Потом захотелось закричать на всю эту черную ночь от обиды, от боли, но радость сознания, что ее возлюбленный ушел, и будет жив, вот уже, наверно, закрыл за собой калитку школы, и ему ничего не угрожает, эта радость была сильнее. За ночью наступит утро. В прозрачном, звонком от птичьего крика небе она увидит свободных и беззаботных птах. Если бы, как они, подняться к солнцу, над землей, обремененной грехами…
От Масуда пришло письмо, и Трошин словно бы возвратился в Ходжикент. Кишлак и раньше часто вспоминался ему в эти дни…
Сначала встреча с Батыровым заставила Алексея Петровича вспомнить далекие годы, дороги и тропы, по которым красные отряды преследовали осиповцев, горные кишлаки по пути к Бричмулле. В человеческую жизнь неистребимо входят разные места. С ними связаны самые памятные события, и ты как будто все еще живешь там, где был когда-то и оставил частицу самого себя. Где похоронил своих друзей. Тебя-то вряд ли кто узнает там, если даже появишься, но в тебе эти кишлаки, эти вечные могильные холмы, эти камни, положенные братскими руками в изголовье павших товарищей, в тебе они живут и живут…

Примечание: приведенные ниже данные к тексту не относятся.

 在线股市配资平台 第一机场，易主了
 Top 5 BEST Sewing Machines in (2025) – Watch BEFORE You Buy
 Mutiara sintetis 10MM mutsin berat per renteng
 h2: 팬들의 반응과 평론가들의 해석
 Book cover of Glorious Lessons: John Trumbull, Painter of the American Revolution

Вот и Ходжикент. Он уехал и словно бы остался там. Но раз, шагая по ташкентскому тротуару, Трошин вспоминал каменную мостовую вдоль парадного дувала ишана. Двор ишана захватил живописный кусок земли между кладбищем и чинаровой рощей. Но дорога к нему вела не с кладбищенской стороны, а вдоль рощи, незаметно переходившей в роскошный сад, отгороженный от людей добротным и солидным дувалом. Мостовая и тянулась тут. По ней, иной раз повизгивая плохо смазанными колесами, проезжали арбы, тяжелые, заваленные грузом — на базар, легкие и пустые — оттуда, топали, блея, бараны и овцы, на ней перекрикивались прохожие — улица была многолюдной.
Едва закроешь глаза перед сном, вырастает Ходжикент — гузар, мечеть с прямым стволом минарета, мельница на реке, байские дома, где теперь сельсовет и школа, садовое убежище старшей жены бая Фатимы-биби с ее дочерью, надо сказать, поразительной по красоте девушкой, и дом ишана за чинаровой рощей…

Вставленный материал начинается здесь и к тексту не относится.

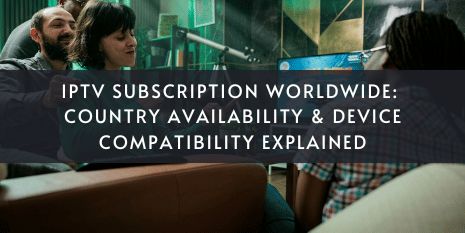 IPTV Subscription Worldwide: Countries & Device Guide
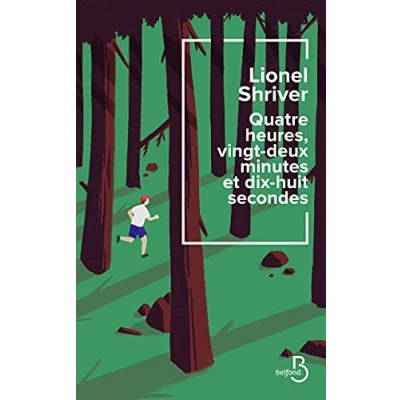Image de Quatre heures, vingt deux minutes et dix huit secondes Livre d’occasion Correct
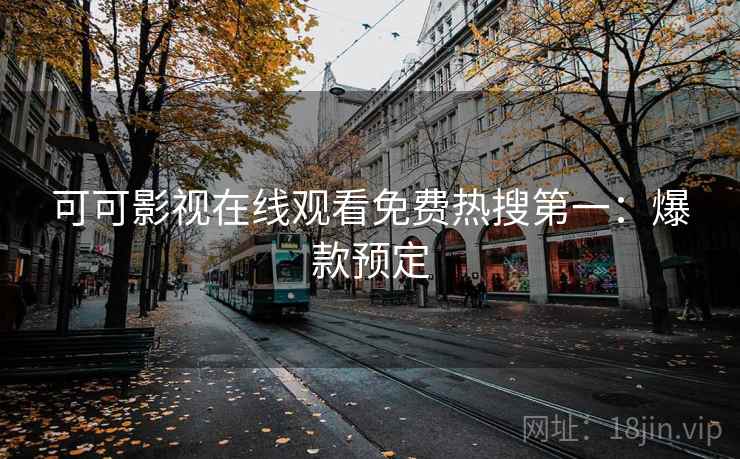可可影视在线观看免费热搜第一：爆款预定
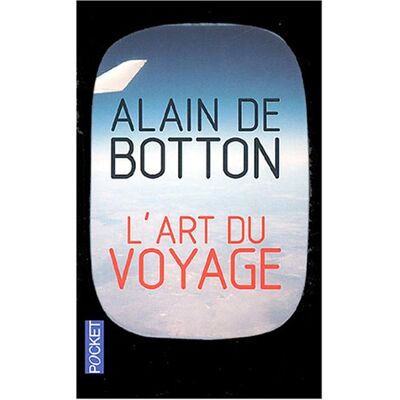 Alain de Botton L'Art Du Voyage - Publicité Alain de Botton L'Art Du Voyage - Publicité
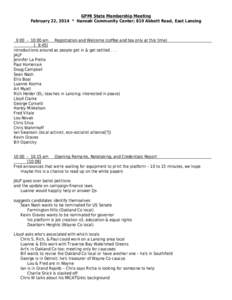 GPMI State Membership Meeting February 22, 2014 * Hannah Community Center; 819 Abbott Road, East Lansing 9:[removed]:00 am Registration and Welcome (coffee and tea only at this time) [ 9:45] introductions around as people 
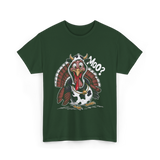 Turkey Moo Turkey Cow T-Shirt - Forest Green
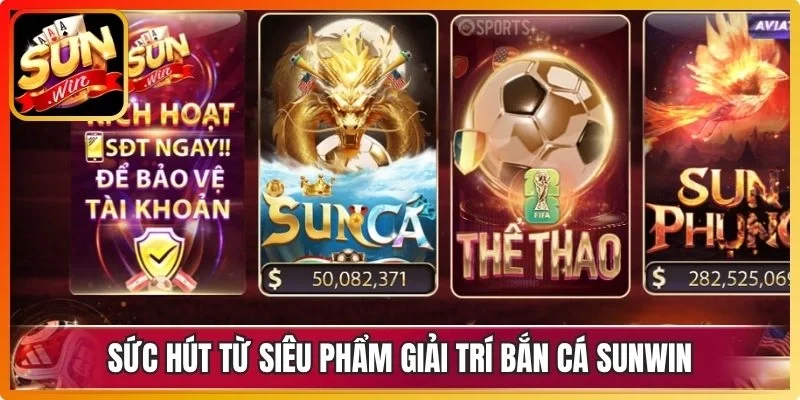 Sức hút từ siêu phẩm giải trí bắn cá Sunwin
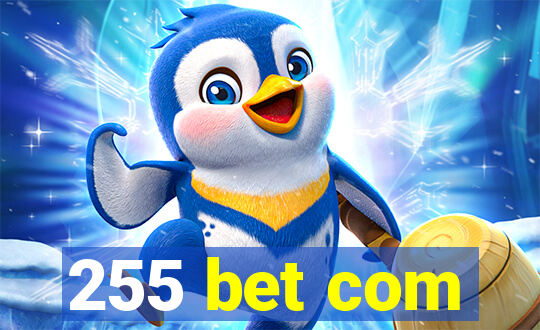 255 bet com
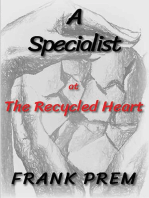 A Specialist at The Recycled Heart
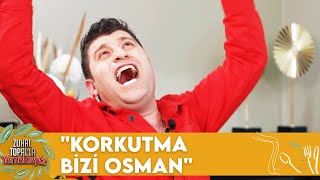 Osman'dan Korkutan Ani Tepkiler | Zuhal Topal'la Yemekteyiz 526. Bölüm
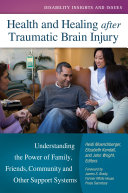 Health and healing after traumatic brain injury : understanding the power of family, friends, community, and other support systems /
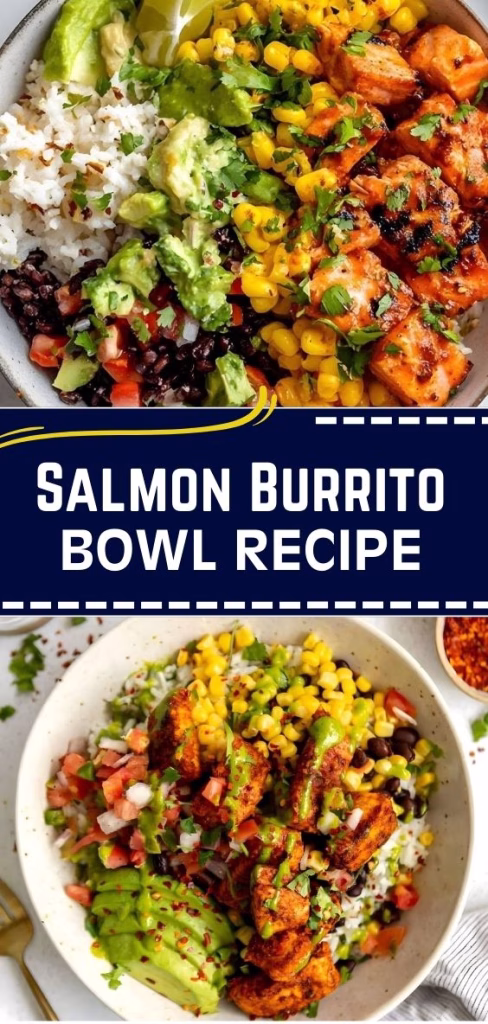 Salmon Burrito Bowl Recipe
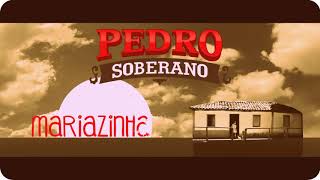 Pedro Soberano  Mariazinha Clipe Oficial [upl. by Germaine845]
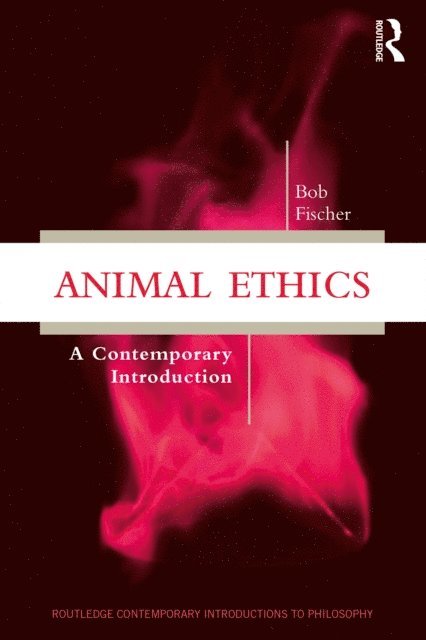 Bob Fischer - Animal Ethics, E-bok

С чего бы ни начал он мысленный обход Ходжикента, все равно приходил к этому дому, к этому двору. Двустворчатые, резной работы, размашистые ворота, способные пропустить лихо катящий фаэтон. Не протискивались, а прокатывались сквозь них и арбы, вывозившие горы ящиков с яблоками и виноградом. Ворота всегда были открыты настежь, словно бы для нежданных путников. Или людям, проходившим мимо, показывали гостеприимство хозяина? Кто знает!

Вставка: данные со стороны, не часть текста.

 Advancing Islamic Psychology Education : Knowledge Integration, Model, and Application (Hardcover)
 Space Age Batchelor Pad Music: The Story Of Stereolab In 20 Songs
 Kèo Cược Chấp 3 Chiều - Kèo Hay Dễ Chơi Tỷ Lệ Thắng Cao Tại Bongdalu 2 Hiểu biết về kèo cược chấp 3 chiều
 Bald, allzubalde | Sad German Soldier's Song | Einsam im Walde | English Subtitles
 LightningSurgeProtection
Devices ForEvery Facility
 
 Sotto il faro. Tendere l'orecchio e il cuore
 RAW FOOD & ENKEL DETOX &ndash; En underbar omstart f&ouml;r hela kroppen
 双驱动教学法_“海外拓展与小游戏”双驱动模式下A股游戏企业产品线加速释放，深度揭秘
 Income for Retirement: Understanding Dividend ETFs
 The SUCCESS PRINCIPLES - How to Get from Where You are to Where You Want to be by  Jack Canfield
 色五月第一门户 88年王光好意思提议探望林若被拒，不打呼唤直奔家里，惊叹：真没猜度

Но вот что заметил Алексей Петрович, как-то, под видом прогулки, обойдя вокруг всего двора Салахитдина: в заднюю стену дувала, окружавшего большущий двор, в укромном месте, за садом, была врублена незаметная, узенькая калитка. Она выходила в сторону гор. Было похоже, что на всякий случай ишан приготовил себе лазейку.